It looks like Oppenheim Architecture + Design has been sending out more press releases about the “international competition” to design the hotel for the vacant site next to the Williamsburgh Savings Bank. In the past few days, ArchDaily and other sites have suddenly picked up on this month-old “story”.
Like I said before, the design is gorgeous, but it’s probably not getting built. It’s probably not getting built because a hotel with a 16′-deep footprint rising up for 120′ is economically unbuildable. It’s probably not getting built because it’s probably not as of right and would require a host of public reviews before a height-averse community.
But mainly, it’s probably not getting built because the owner says it’s probably not getting built: “our architect did a design on spec” (that doesn’t sound like a “competition”, international or otherwise).
As for the press release article, it’s worth a read just for sentences like this:
Williamsburg, Brooklyn is one of the most interesting and cutting edge [sic] neighborhoods in the world. It is a soulful, culinary and style epicenter that is raw, edgy, and visceral.
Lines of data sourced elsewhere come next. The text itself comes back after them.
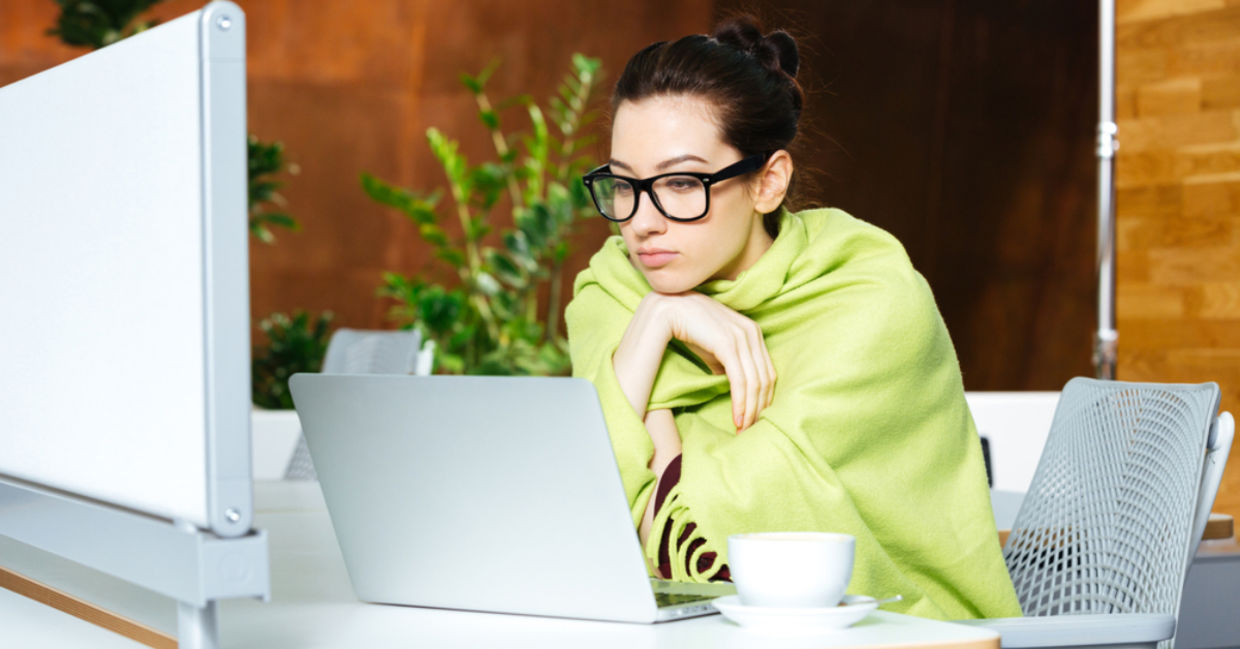 Woman wrapped in a shawl due to feeling cold in her workspace.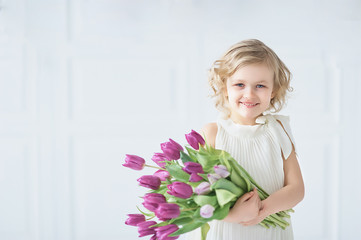Obraz na płótnie Canvas girl holding tulips in hands. Adorable smiling little girl holding flowers for her mom on mother's day.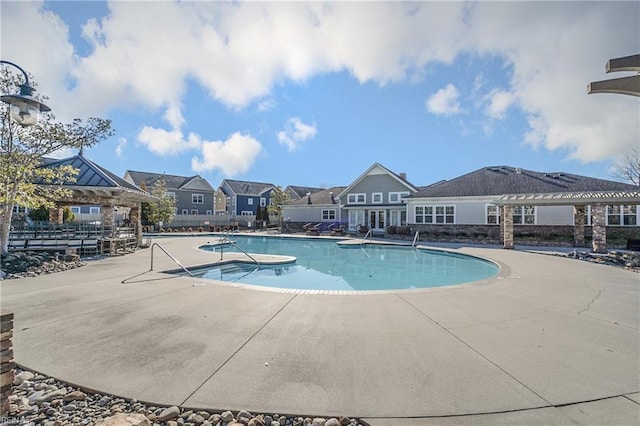 view of pool featuring a patio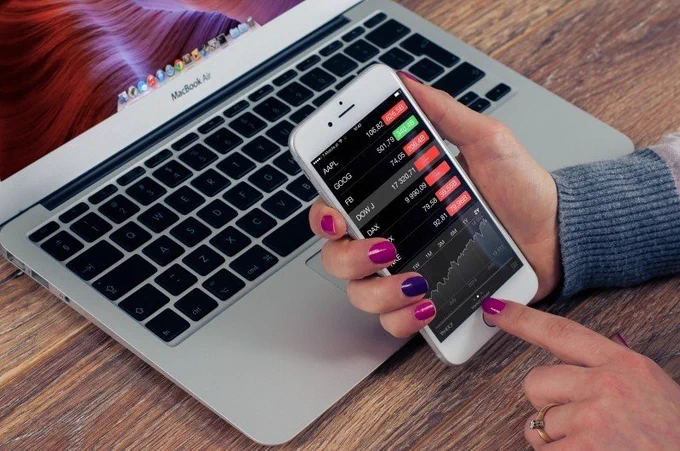 Woman using her phone and MacBook Air to do financial research. Credit: foter.com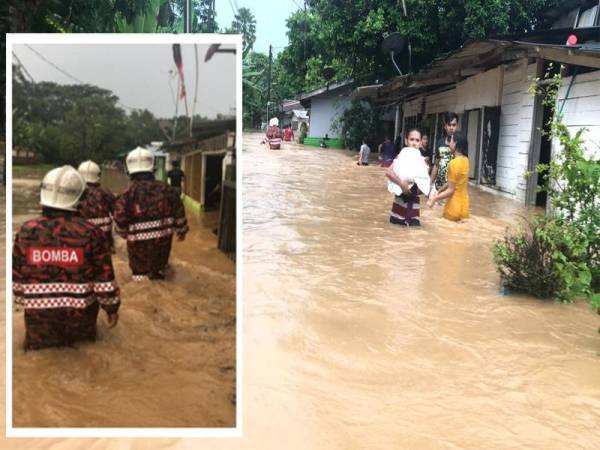 Anggota bomba dari BBP Tebrau meredah banjir kilat menyelamatkan mangsa-mangsa banjir di Jalan Permatang Utama, Kampung Kempas Baru, Johor Bahru hari ini.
A place that attracts intellectual cognisanti [sic] in search of “the real”.
or this:
The three towers engage and dialogue with the distinctive scales and character of the context, with the lowest volume [about 16 stories tall?] relating directly to the surrounding neighborhood in both scale and material, the middle one [about 32 stories tall?] to the adjacent iconic Williamsburg Bank [sic], and the third volume [about 44 stories tall] extends to the sky in direct dialogue with the bridge [which is 335′ tall].
If all this sounds like senseless archibabble, it is – straight from the architect. Other sites have reprinted this press release in the past few days, and at least one of them was honest enough to credit it properly: “Article source: Oppenheim architecture + design”.